Не заполняет данную лакуну и детектив. Русский детектив возник сравнительно поздно, лишь в начале XX века, и представлял собой на первых порах кальку западного. Он был не слишком привязан именно к российским реалиям. К тому же развитие его вскоре было прервано Октябрьской революцией, и за короткое время, которое он просуществовал, его специфическая начинка не успела хоть сколько-нибудь существенно повлиять на сознание общества. Что же касается детектива советского, то, разумеется, никаким «юридическим университетом» он быть не мог: само понятие о гражданских правах в Советском Союзе отсутствовало. Кажется, не существовало вообще ни одного советского детектива, где обвиняемый был бы, вопреки данным следствия, оправдан в зале суда. Не приходится удивляться, что в российской детективной литературе не возникло ни Шерлока Холмса, ни Пуаро, ни мисс Марпл, ни Мегрэ – ни единого по-настоящему популярного персонажа, профессионала или любителя, ведущего следствие и добивающегося торжества закона. В результате не были зафиксированы и соответствующие поведенческие стереотипы.
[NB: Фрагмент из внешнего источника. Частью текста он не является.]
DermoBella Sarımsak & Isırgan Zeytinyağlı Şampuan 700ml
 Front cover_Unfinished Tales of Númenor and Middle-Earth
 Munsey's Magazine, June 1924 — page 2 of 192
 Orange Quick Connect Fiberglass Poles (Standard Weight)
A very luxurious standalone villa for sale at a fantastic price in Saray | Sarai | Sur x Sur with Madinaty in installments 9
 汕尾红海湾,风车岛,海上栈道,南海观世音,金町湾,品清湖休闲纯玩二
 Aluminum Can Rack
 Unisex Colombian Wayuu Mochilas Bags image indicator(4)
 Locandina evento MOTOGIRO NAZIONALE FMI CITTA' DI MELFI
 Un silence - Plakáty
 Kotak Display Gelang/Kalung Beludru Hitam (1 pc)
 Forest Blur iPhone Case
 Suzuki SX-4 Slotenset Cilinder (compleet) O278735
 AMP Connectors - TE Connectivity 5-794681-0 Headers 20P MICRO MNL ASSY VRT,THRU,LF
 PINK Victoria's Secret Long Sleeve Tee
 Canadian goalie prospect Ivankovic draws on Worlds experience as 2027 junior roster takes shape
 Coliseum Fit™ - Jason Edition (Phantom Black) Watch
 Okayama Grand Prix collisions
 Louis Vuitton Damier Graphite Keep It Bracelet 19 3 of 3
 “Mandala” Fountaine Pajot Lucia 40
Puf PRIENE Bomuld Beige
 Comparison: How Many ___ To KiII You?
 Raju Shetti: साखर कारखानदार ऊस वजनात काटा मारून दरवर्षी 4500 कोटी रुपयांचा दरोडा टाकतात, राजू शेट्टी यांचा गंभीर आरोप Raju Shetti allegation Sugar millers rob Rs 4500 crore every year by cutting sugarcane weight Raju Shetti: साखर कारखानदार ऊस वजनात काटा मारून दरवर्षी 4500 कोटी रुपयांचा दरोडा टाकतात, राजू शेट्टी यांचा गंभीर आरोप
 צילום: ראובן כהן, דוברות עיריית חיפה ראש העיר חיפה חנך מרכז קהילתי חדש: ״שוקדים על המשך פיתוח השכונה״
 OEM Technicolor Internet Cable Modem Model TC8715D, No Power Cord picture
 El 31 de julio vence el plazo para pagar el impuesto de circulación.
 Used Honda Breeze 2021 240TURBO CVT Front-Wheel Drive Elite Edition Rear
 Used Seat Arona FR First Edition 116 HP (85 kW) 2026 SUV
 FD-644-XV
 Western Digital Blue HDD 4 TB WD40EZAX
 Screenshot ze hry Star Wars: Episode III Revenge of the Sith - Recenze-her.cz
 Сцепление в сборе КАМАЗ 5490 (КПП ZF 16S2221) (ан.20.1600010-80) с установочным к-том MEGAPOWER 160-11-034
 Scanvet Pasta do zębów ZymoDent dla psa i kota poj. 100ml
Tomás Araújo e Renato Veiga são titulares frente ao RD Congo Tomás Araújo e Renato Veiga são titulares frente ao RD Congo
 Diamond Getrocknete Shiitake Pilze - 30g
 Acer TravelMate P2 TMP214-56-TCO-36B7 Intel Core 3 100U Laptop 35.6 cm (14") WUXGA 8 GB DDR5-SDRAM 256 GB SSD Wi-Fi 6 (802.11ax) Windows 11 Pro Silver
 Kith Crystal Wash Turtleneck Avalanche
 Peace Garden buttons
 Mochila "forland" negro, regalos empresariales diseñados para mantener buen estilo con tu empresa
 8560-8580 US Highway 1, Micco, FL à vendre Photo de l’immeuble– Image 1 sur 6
Более того, классическая русская литература преисполнена негативного отношения к формальной законности. В «Воскресении» Л. Толстого присяжные, соблюдая все необходимые процедуры, выносят Катюше Масловой нелепый обвинительный приговор. Будто бы она убила купца просто так, ни с того ни с сего. А судья этот нелепый приговор утверждает. В «Живом трупе» адвокат объясняет Протасову, что решение суда, вынесенное тоже согласно закону, будет очевидно несправедливым: ни в чем неповинным людям грозит ссылка в Сибирь. В лучшем случае – церковное покаяние (мог быть в тогдашней России и такой приговор). И с этим опять-таки ничего сделать нельзя. Ну а как, исключительно по закону, было отобрано у Дубровских их имение Кистеневка, можно прочесть в одноименной повести А. С. Пушкина. Правда, заметим, что старший Дубровский (отец Владимира) был сам виноват: не восстановил документы на собственность, сгоревшие во время пожара. Этим и воспользовался генерал-аншеф Троекуров.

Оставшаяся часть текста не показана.